Question:
Hi,
When searching for methods to make a selection of a dataframe (being relatively unexperienced with Pandas), I had the following question:
What is faster for large datasets - .isin() or .query()?
Query is somewhat more intuitive to read, so my preferred approach due to my line of work. However, testing it on a very small example dataset, query seems to be much slower.
Is there anyone who has tested this properly before? If so, what were the outcomes? I searched the web, but could not find another post on this.
See the sample code below, which works for Python 3.8.5.
Thanks a lot in advance for your help!
Code:
# Packages
import pandas as pd
import timeit
import numpy as np
# Create dataframe
df = pd.DataFrame({'name': ['Foo', 'Bar', 'Faz'],
'owner': ['Canyon', 'Endurace', 'Bike']},
index=['Frame', 'Type', 'Kind'])
# Show dataframe
df
# Create filter
selection = ['Canyon']
# Filter dataframe using 'isin' (type 1)
df_filtered = df[df['owner'].isin(selection)]
%timeit df_filtered = df[df['owner'].isin(selection)]
213 µs ± 14 µs per loop (mean ± std. dev. of 7 runs, 1000 loops each)
# Filter dataframe using 'isin' (type 2)
df[np.isin(df['owner'].values, selection)]
%timeit df_filtered = df[np.isin(df['owner'].values, selection)]
128 µs ± 3.11 µs per loop (mean ± std. dev. of 7 runs, 10000 loops each)
# Filter dataframe using 'query'
df_filtered = df.query("owner in #selection")
%timeit df_filtered = df.query("owner in #selection")
1.15 ms ± 9.35 µs per loop (mean ± std. dev. of 7 runs, 1000 loops each)
The best test in real data, here fast comparison for 3k, 300k,3M rows with this sample data:
selection = ['Hedge']
df = pd.concat([df] * 1000, ignore_index=True)
In [139]: %timeit df[df['owner'].isin(selection)]
449 µs ± 58 µs per loop (mean ± std. dev. of 7 runs, 1000 loops each)
In [140]: %timeit df.query("owner in #selection")
1.57 ms ± 33.4 µs per loop (mean ± std. dev. of 7 runs, 1000 loops each)
df = pd.concat([df] * 100000, ignore_index=True)
In [142]: %timeit df[df['owner'].isin(selection)]

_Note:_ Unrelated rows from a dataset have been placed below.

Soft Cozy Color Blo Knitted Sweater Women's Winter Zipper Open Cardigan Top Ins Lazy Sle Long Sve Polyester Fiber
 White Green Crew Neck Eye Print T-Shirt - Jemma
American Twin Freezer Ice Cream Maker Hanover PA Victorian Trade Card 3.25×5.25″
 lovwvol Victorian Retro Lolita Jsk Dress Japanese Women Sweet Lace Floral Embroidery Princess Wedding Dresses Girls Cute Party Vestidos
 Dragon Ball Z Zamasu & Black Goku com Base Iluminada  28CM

8.25 ms ± 66.3 µs per loop (mean ± std. dev. of 7 runs, 100 loops each)
In [143]: %timeit df.query("owner in #selection")
13 ms ± 1.05 ms per loop (mean ± std. dev. of 7 runs, 100 loops each)
df = pd.concat([df] * 1000000, ignore_index=True)
In [145]: %timeit df[df['owner'].isin(selection)]
94.5 ms ± 9.28 ms per loop (mean ± std. dev. of 7 runs, 10 loops each)
In [146]: %timeit df.query("owner in #selection")
112 ms ± 499 µs per loop (mean ± std. dev. of 7 runs, 10 loops each)
If check docs:
DataFrame.query() using numexpr is slightly faster than Python for large frames
Conclusion - The best test in real data, because depends of number of rows, number of matched values and also by length of list selection.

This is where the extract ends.